Appeal from the Superior Court of the District of Columbia. (Hon. Harriett R. Taylor, Trial Judge)
Before Wagner, Chief Judge, Ferren, Associate Judge, and Kern, Senior Judge.
The opinion of the court was delivered by: Kern
KERN, Senior Judge: A jury convicted appellant of armed robbery, D.C. Code §§ 22-2901, -3202 (1989 Repl. & 1993 Supp.); first-degree felony murder while armed, id. §§ 22-2401, -3202; and other related offenses *fn1 arising from his fatal stabbing of the decedent in the latter's home and his subsequent taking of the victim's automobile and various personal items. Appellant contends the trial court committed reversible error in refusing to instruct the jury under the particular evidence presented on larceny, a lesser-included offense of robbery, and therefore his convictions for armed robbery and felony murder must be reversed. We affirm.
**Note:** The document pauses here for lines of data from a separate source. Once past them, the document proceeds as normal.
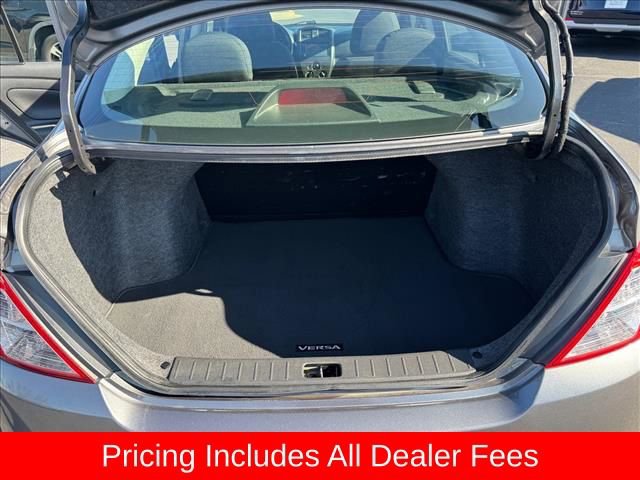 Used 2019 Nissan Versa S FWD image 10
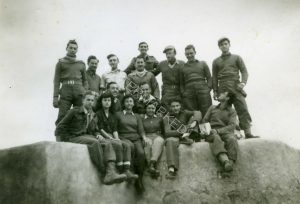 מח' הקשר של גד' 35 בכיס פלוג'ה, 1949
אביגדור יושב במרכז שורת הביניים וחברו אליהו שוורץ לידו. חיים הוכמן למעלה שלישי מימין.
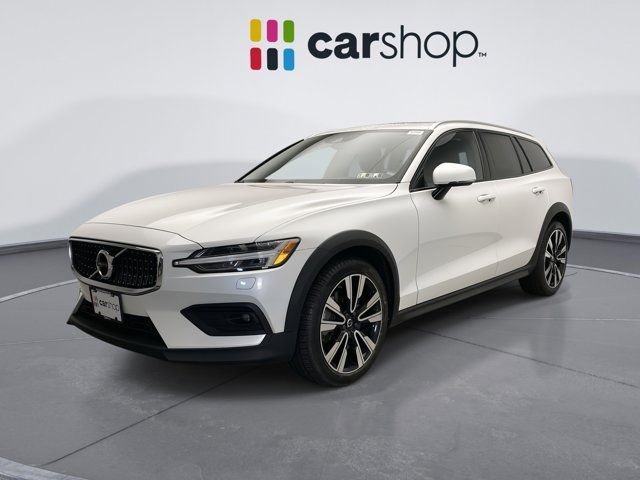 2022 Volvo V60 Cross Country Base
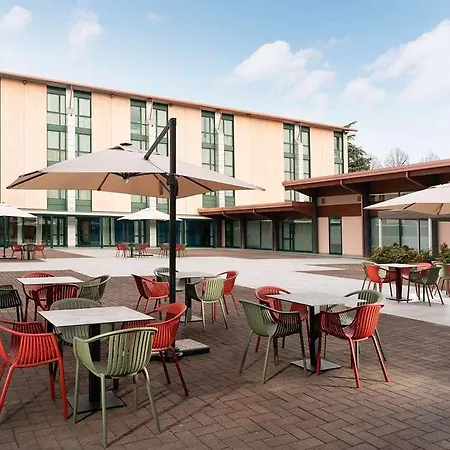 Doubletree By Hilton Milan Malpensa מלון *
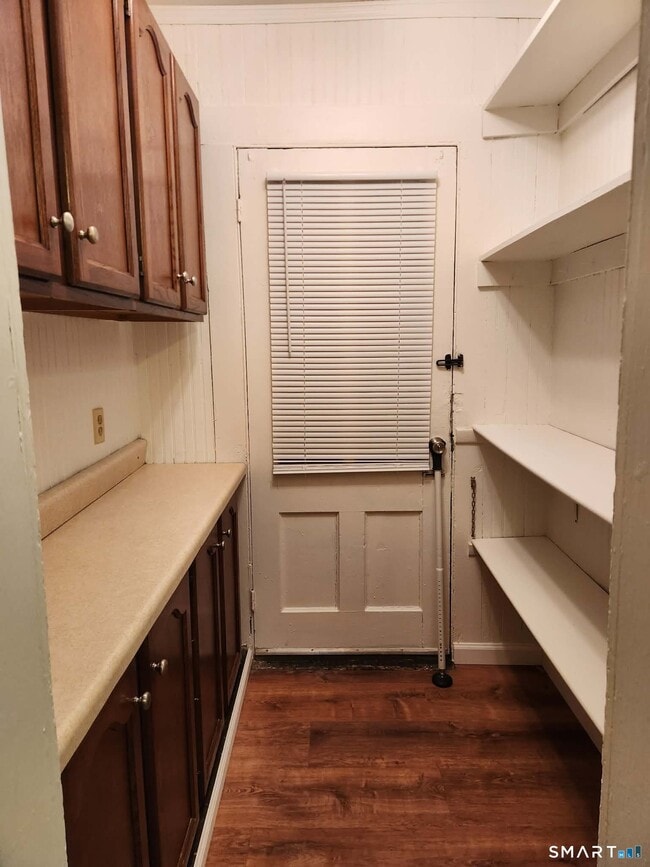 Building Photo - 143 Curtis St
In May of 1990, police found Charles Coats dead in his apartment at 252 56th Street, Northeast in the District, wearing only his socks and a prophylactic. Coats had been stabbed to death with a knife. The police stopped and questioned appellant, who was found sitting in the victim's car approximately six or seven blocks from the crime scene. The police discovered that appellant was wearing the victim's jewelry and he also possessed other personal items which were later identified as the victim's property. *fn2 The police arrested appellant for unauthorized use of a vehicle. During a post-arrest interview with a police detective, appellant stated that he had sexual relations with Coats a number of times prior to the stabbing.
A government witness, appellant's brother, testified at trial that on the afternoon of April 30, 1990, appellant announced his plan to rob and kill a "fag" whom he had known. Appellant also told his brother that he would use a knife to kill this person because he was unable to obtain a gun. After the brother declined appellant's request to assist in this criminal scheme, appellant went to a friend's house where he acquired a knife. Appellant told his brother that he would call the person with whom he was having sexual relations and ask for a ride in his car. Approximately twenty minutes after appellant had made the telephone call, the brother observed him ride away in a white car, driven by another man. The brother also testified that when he saw appellant later that night, appellant told him that he stabbed the victim to death and had taken the victim's jewelry and other personal items.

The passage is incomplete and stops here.